In part1 of Database partitioning we talked about why we need it and how to implement it into SQL Server database. Also, we have seen how to add new range & filegroups to the existing partitions. Now, in this article, we would be talking about the next bit of it where we feel the need of getting rid of the existing/empty partitions.
So, before jumping onto how to achieve this, let’s see when we get around with an empty partition or we can say why we need to remove some existing partition. In other words, there is a very useful application of the database partitioning in achieving the database archiving.
Database Archiving / Moving data between tables: Now a days, it has become very useful but no expensive for keeping the older records for long for many analysis purposes. But, from the database perspective, we generally maintain the older data in terms of a separate ‘archive/history’ table and the current data (based upon some date or so) in the main table. Now, moving data from the main table to the archive table on timely basis (mostly daily) can be an expensive affair if the data volume to be moved is large enough to give a significant performance hit & can be time consuming too if we copy data from main to archive table using simple select/insert & delete statements; even if being done using smaller batches.
And this is where database partitioning proves to be an amazing approach.
First, let’s see how data is distributed across all the existing partitions into our table (dbo.Fact_Orders).
As you can see that there are 6 partitions at the moment and the oldest partition #1 which contains data for the first quarter of 2014 and having 55 rows is the recordset we need to move to the archive table and then to remove the same from this main table.
So, basically there are two parts to it, first is to move the data from main to the archive/history table i.e. SWITCH PARTITION and second is to delete this data/partition from the main table i.e. MERGE RANGE. We will discuss these one by one.
SWITCH: There can be two types of data movement. Either moving data from the partitioned table (main table) to a non-partitioned table (archive/history) table or moving data from some other partitioned table into the main partitioned table (we can say that both main as well the archive/history tables are partitioned here).
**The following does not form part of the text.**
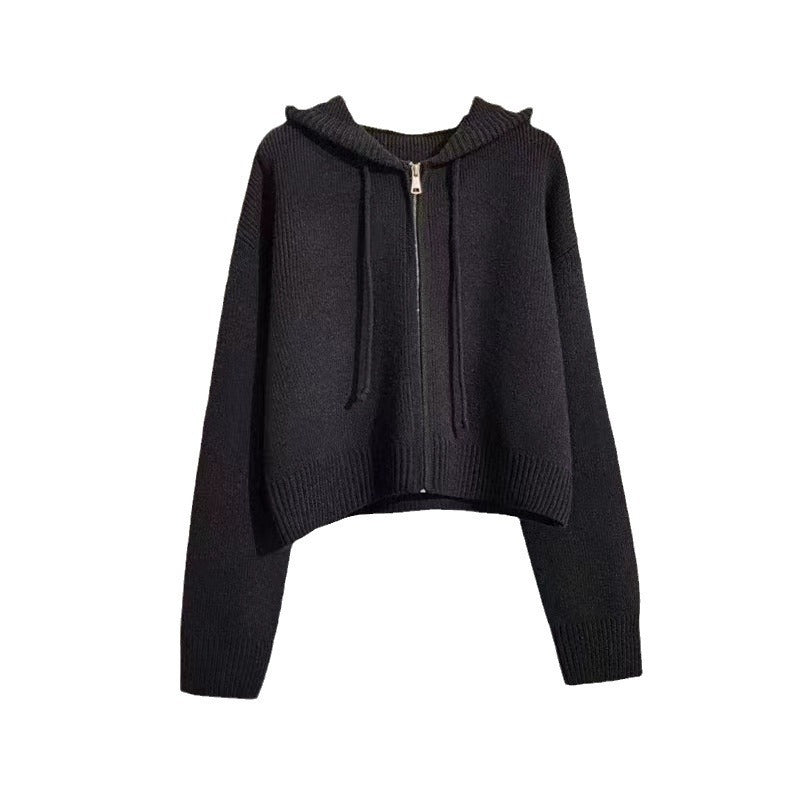 Damen Kapuzenpullover mit Reißverschluss und lässigem Schnitt Drune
Let’s first focus on our requirement of moving data of the oldest partition from the main (partitioned) table to the history table (a non-partitioned table) i.e. ‘Switching Data Out’.
Assume there is a history table ‘dbo.Fact_Orders_History’ with exactly the same schema as that of the main table – ‘dbo.Fact_Orders’.
Now, we need to attach one partition (partition number 1) of dbo.Fact_Orders to the history table – dbo.Fact_Orders_History i.e. all the data from partition#1 to be moved into the history table. This is achieved using ALTER TABLE command.
–as of now no record is there in the history table.
–All 55 records from partition#1 are now moved to history table now.
Also, look at the partition distribution of the main table, there is no record into the partition #1 i.e. an empty partition.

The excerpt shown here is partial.